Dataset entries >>
================================
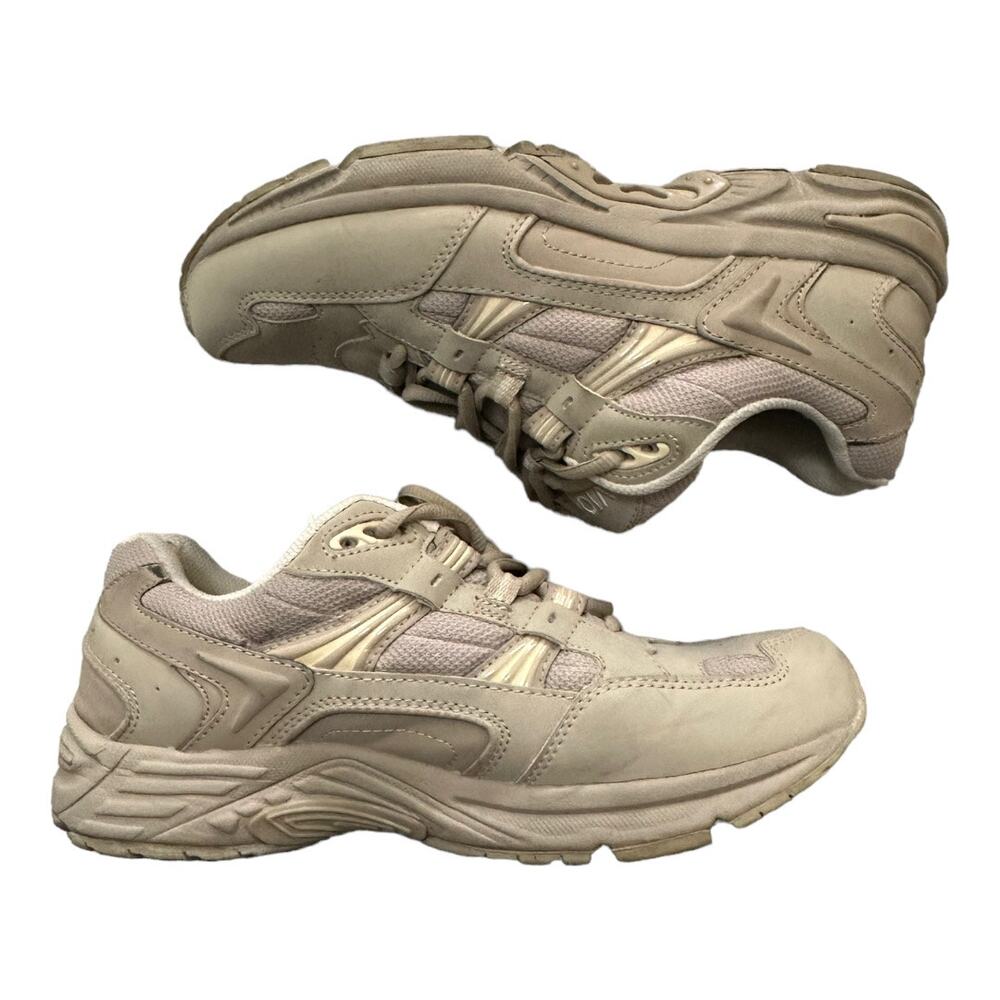 Vionic men’s walker plantar facetious shoe sneaker tan oatmeal size 8 orthopedic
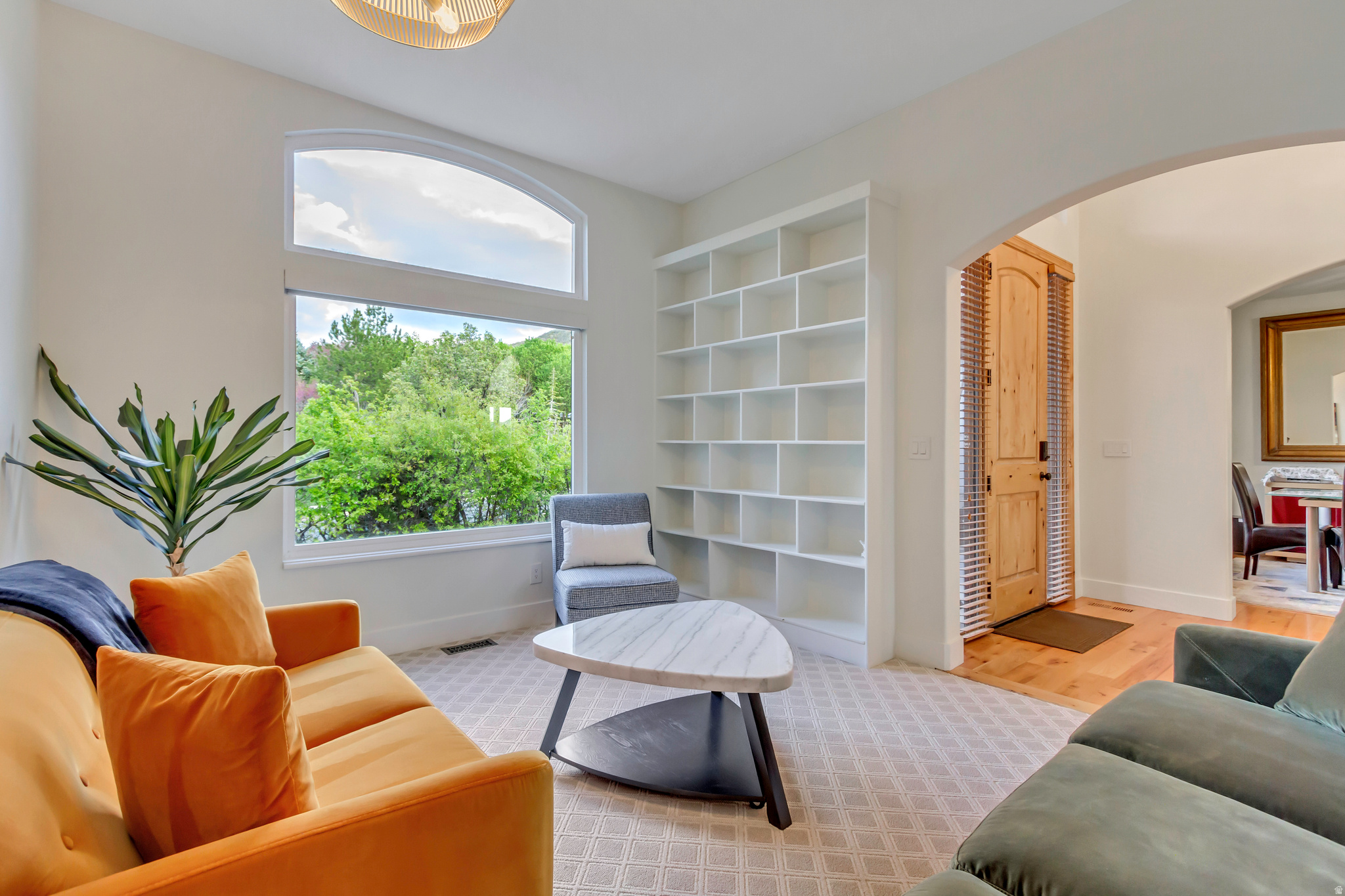 CORNER CANYON VISTA - Residential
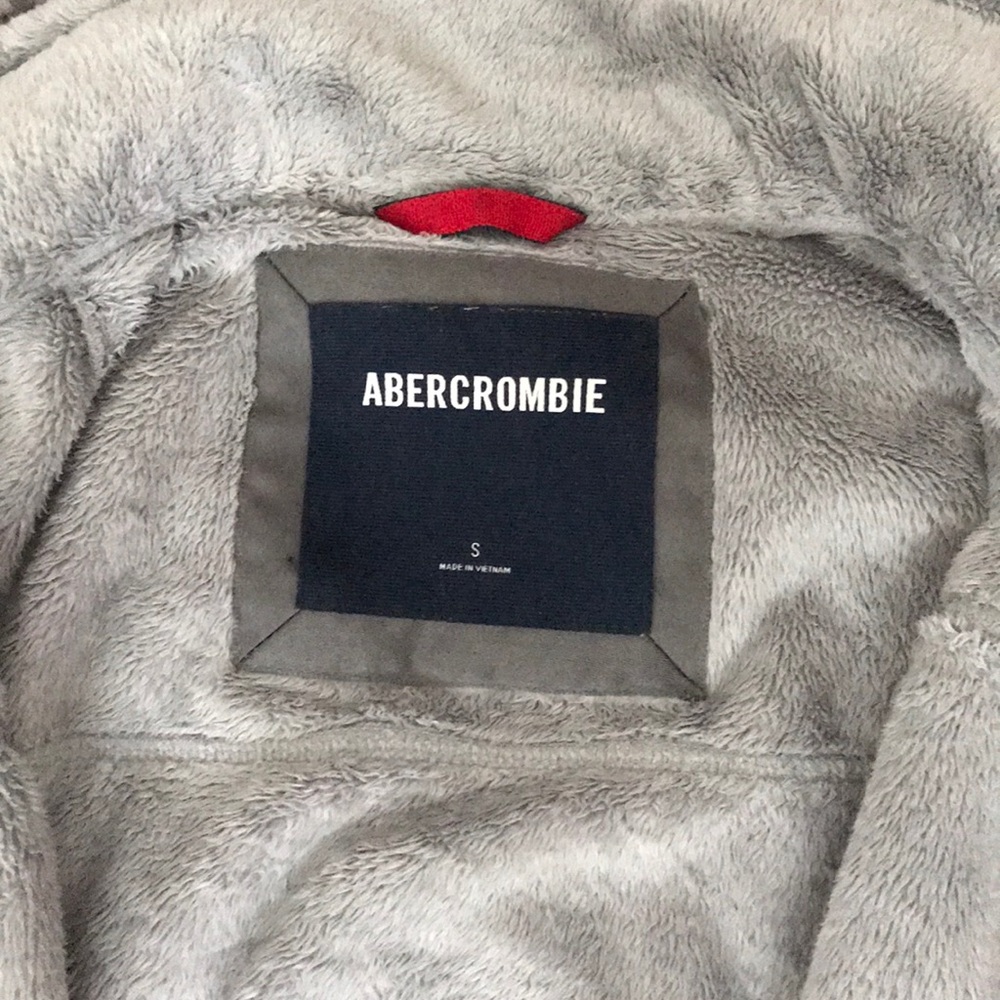 Abercrombie-grey furry jacket women’s - Picture 2 of 5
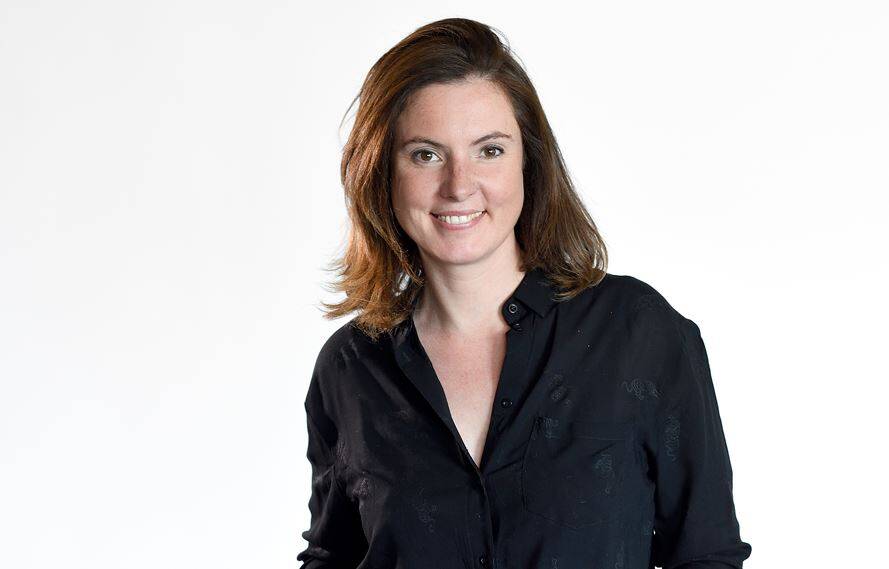 "Où est le pouvoir? Qui représente le peuple? Le souffle de chaque émission est donné par l'actualité": la Niçoise Astrid de Villaines prend les commandes de "L'esprit public" sur France Culture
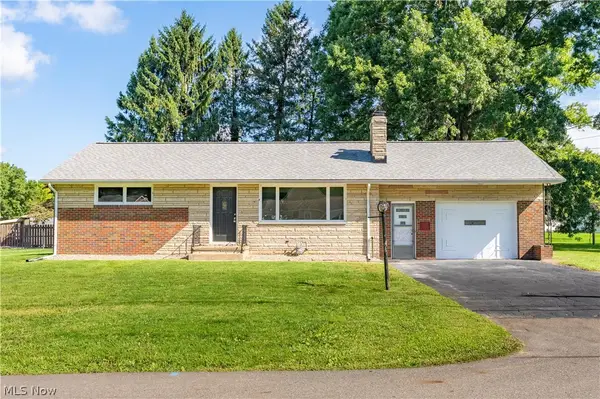 114 Keeferview Nw Street, Navarre, OH 44662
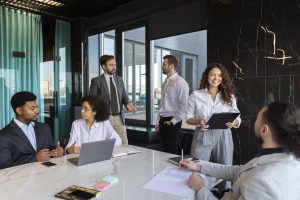 ¿Cuáles son las obligaciones laborales de empresas con más de 100 trabajadores?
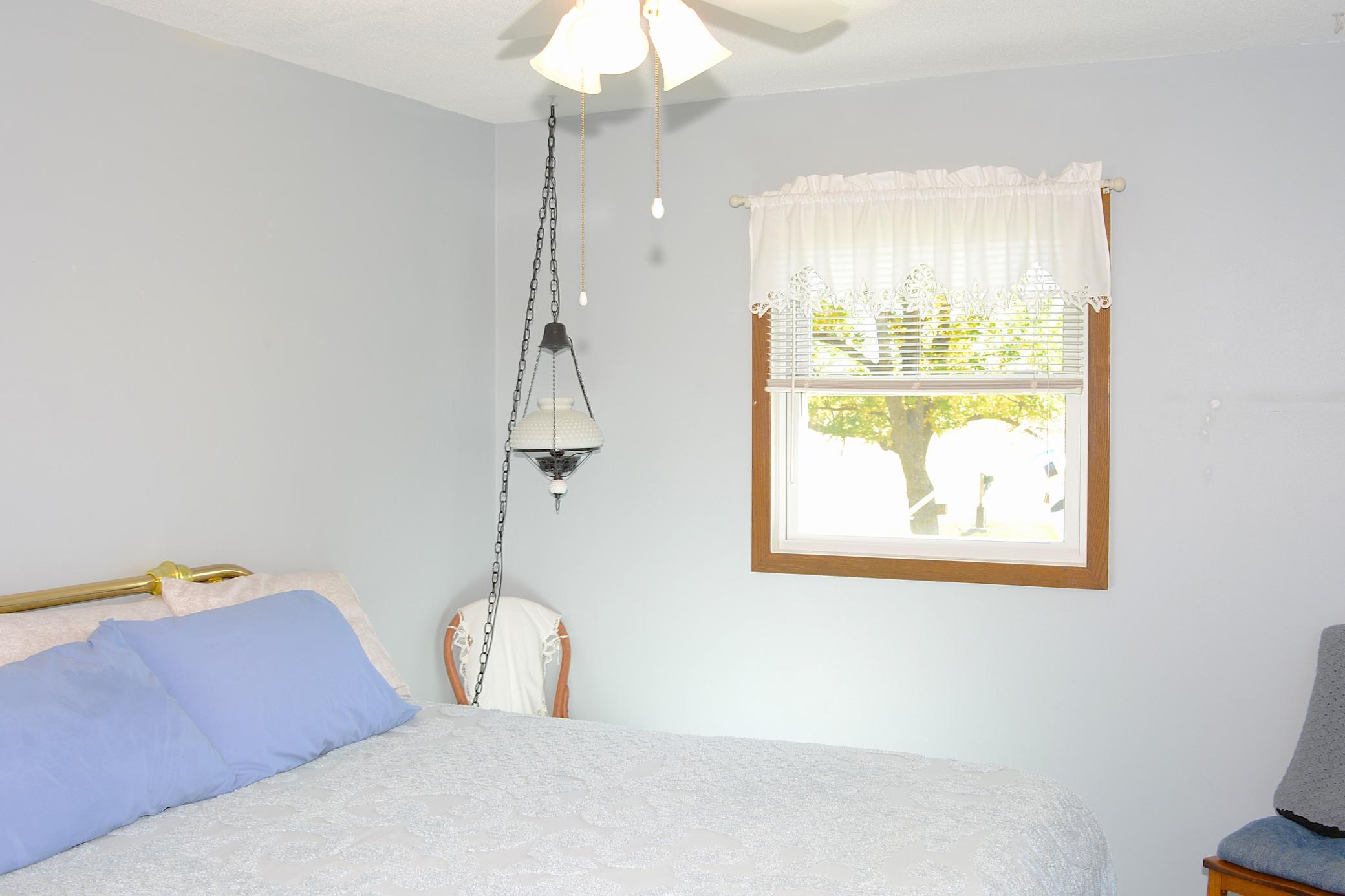 1972 single family home for sale at 1401 50th Avenue SE in Alexandria, MN — 3 bed, 2 bath (photo 10 of 22)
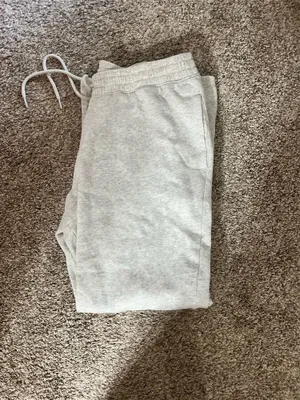 Brand new Hollister Wide Leg Sweatpants thumbnail 4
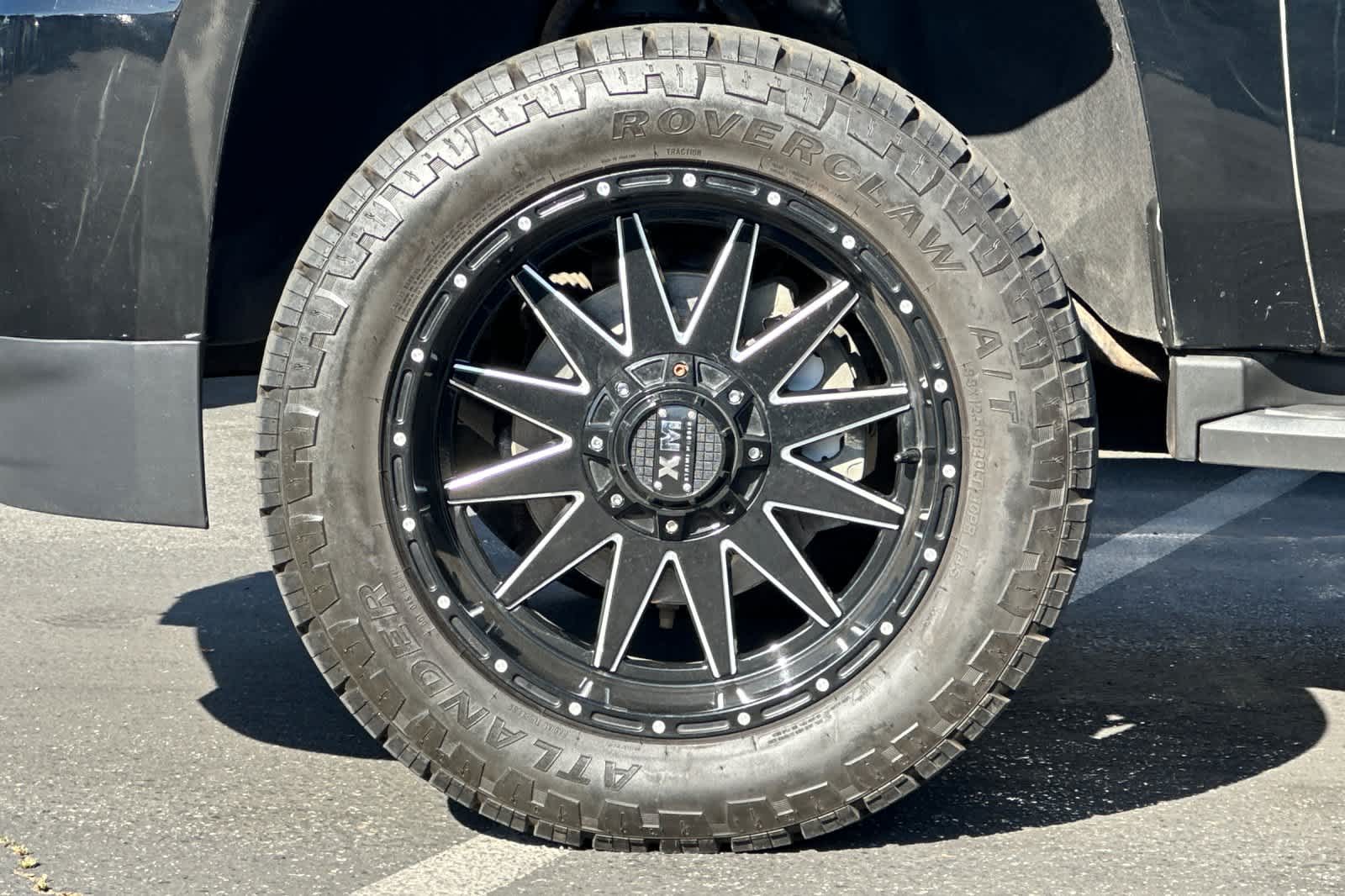 Thumbnail: 2019 Chevrolet Tahoe - 26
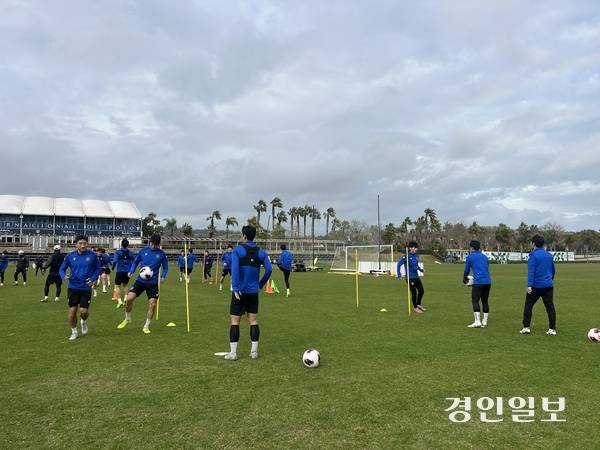 스페인 말라가로 2026시즌 동계 전지훈련을 떠난 인천 유나이티드 선수단이 기술 훈련을 하고 있다. 2026.1.27/백효은기자100@kyeongin.com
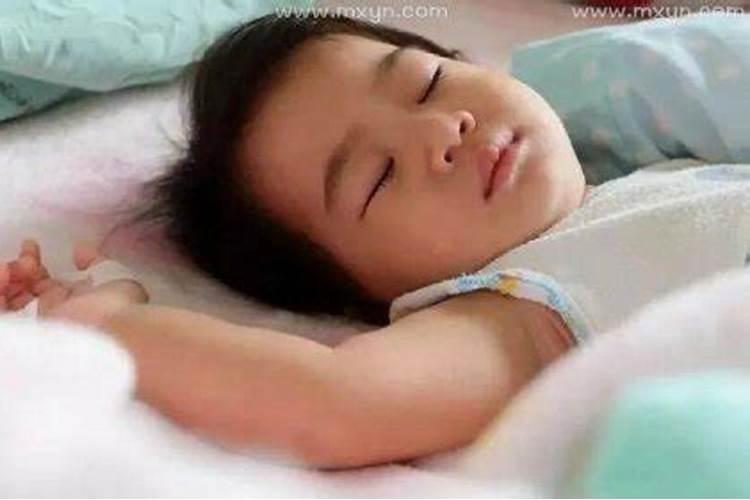 梦见带小孩子睡觉是什么意思？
================================
TASK TO COMPLETE >> Begin with the first line of the records and repeat every line up to the one with "Abercrombie-grey furry jacket", counting that line too. Pictures are not part of the copy.

EXERCISE RESPONSE >>
 Vionic men’s walker plantar facetious shoe sneaker tan oatmeal size 8 orthopedic
 CORNER CANYON VISTA - Residential
 Abercrombie-grey furry jacket women’s - Picture 2 of 5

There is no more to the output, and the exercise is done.